As for the pattern-drafting, the design and formation of any fashion bag is based upon simple body shapes when laid flat, fit into a square or rectangle, of which the size depends on the final shape and parameters of the pattern. In other words, it’s a box.
Now visualize that box with handles for toting around. Don’t let the “bells and whistles” distract you from the basic shape. Look for the pattern grid(https://bagntell.wordpress.com/2010/01/05/pattern-grids-an-invisible-foundation/) by identifying the elements you plan to use throughout your design. Think out a rough shape, the approximate size of the square or rectangle in your mind. Every bag design has some kind of top finishing which often provides the focal point of the style – the bag ‘opening’; it can be a flap, a frame, a zipper, or a draw-cord detail. The ‘body’ will have 5 planes: front, back, bottom, and 2 ends. The beauty of designing your own is that you can change at will the dimensions of the body cavity, shorten or lengthen straps, add pockets to create your own bag style from scratch. And if you’re like me, it’s easy to take creative risks if you can visualize the finished prototype in your mind’s eye.

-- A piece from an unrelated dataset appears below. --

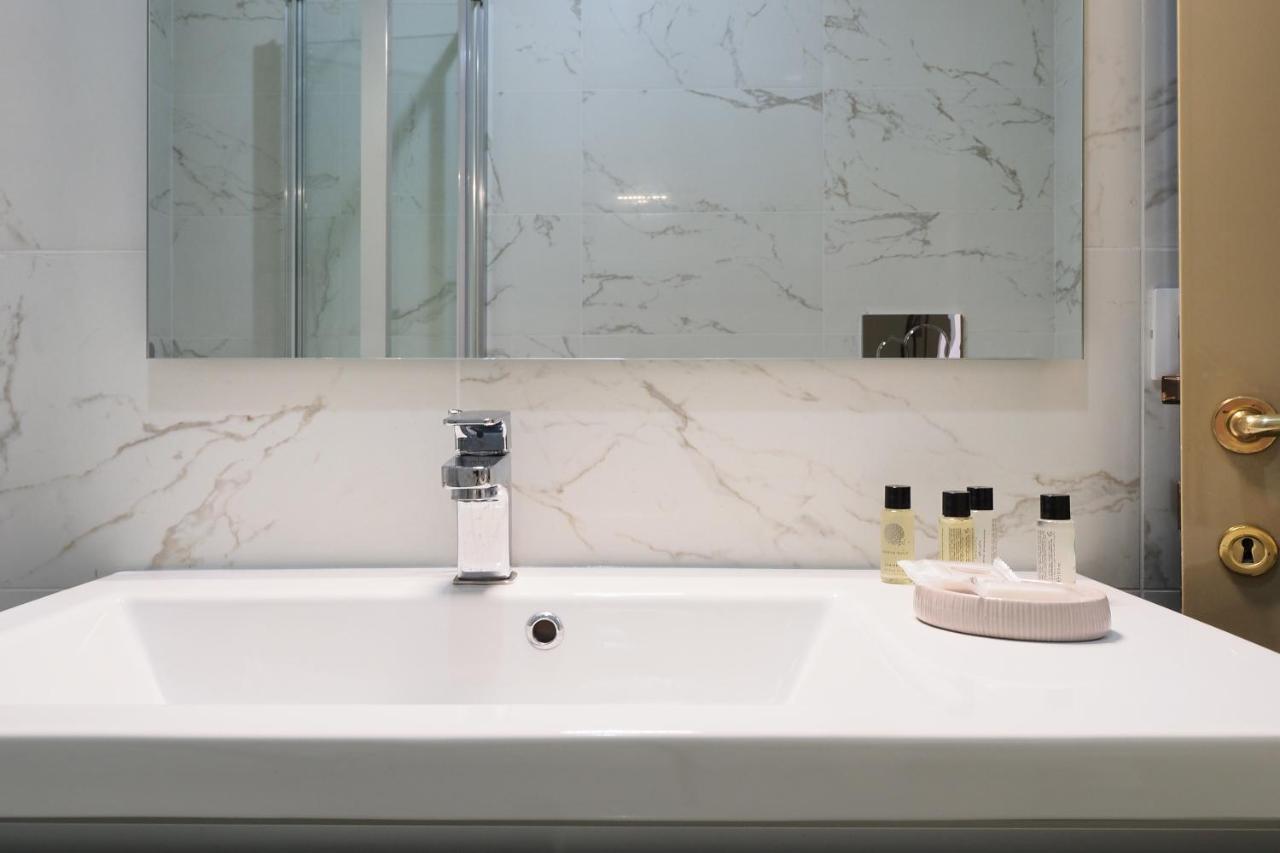 Duomo Luxury - One Bed Appartement Milaan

Of course creating or adapting a pattern does require a lot of confidence in your spatial skills. In other words, you’ve got to be able to translate a 3-dimensional finished product to a 2-dimensional pattern; or the cutting pieces themselves, if you’re feeling bold and skipping the pattern all together.
What are spatial skills? Basically, they’re what we all use to mentally view objects from all angles…top, front, and side views, from top to bottom. If you’re good at reading a map or solving puzzles, you probably have strong spatial skills. If you “see” the pieces of a bag style, you’ve got it going on the ball.

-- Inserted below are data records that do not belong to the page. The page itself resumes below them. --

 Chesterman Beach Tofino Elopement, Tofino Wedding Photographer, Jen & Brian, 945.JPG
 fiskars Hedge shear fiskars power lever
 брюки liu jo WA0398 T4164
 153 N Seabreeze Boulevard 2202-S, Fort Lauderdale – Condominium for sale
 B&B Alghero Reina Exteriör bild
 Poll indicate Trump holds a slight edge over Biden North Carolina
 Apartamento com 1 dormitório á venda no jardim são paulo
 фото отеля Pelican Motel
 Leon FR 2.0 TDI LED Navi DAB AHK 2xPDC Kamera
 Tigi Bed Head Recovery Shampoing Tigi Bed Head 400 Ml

But if you can’t seem to find your way around your cutting room or if pattern pieces never seem to mentally translate to the finished product, never fear! You can boost those skills with a little practice. Being able to mentally transform 3-D figures to their 2-D equivalents– and vice versa– can be tricky, but there is no special talent required.
If you only recently graduated from school or have recently moved to new abodes, you probably know something about “nets.” Nets are the 2-D representations of 3-D shapes. You know those cardboard boxes that you can buy flattened out and then assemble when you need them? These are examples of “nets”, with regard to visual or spatial perception: First it’s a “cube” net, then it’s a moving box!
Making patterns are much the same. Whenever you do clothing construction or sew up fashion accessories, you start out with flat pattern pieces (2-dimensional). In geometry, these shapes are nets, the foundation of spatial thinking. When we cut them out of the fabric, they’re flat and they may not look at all like what they’re meant to be. A collar may look like a semi-circle at first. Attach it to the neckline, and it curves over the shoulder and around your neck. And like magic, this pattern transforms into an actual collar (3-dimensional).
Zipper bags, tablet sleeves, wallets, and other little organizing carry-alls work the same way. Take a look at these pattern draftss for various bag styles. All began as a flat piece(s) of material.
But you don’t have to completely depend on your mental spatial skills to create or alter a pattern. If you’ve cut the pattern out of paper, just fold and curve it to see if it works. I often do this even if I think I know what I’m doing…. call it “sewing-in-paper”. Many times, the curved pieces of a pattern end up looking more like straight seams on the finished piece. That collar is a perfect example: the curve is actually the inner edge of the collar that sewn into the neckline, while the straight side is folded on itself around the neck, which appears round on the body.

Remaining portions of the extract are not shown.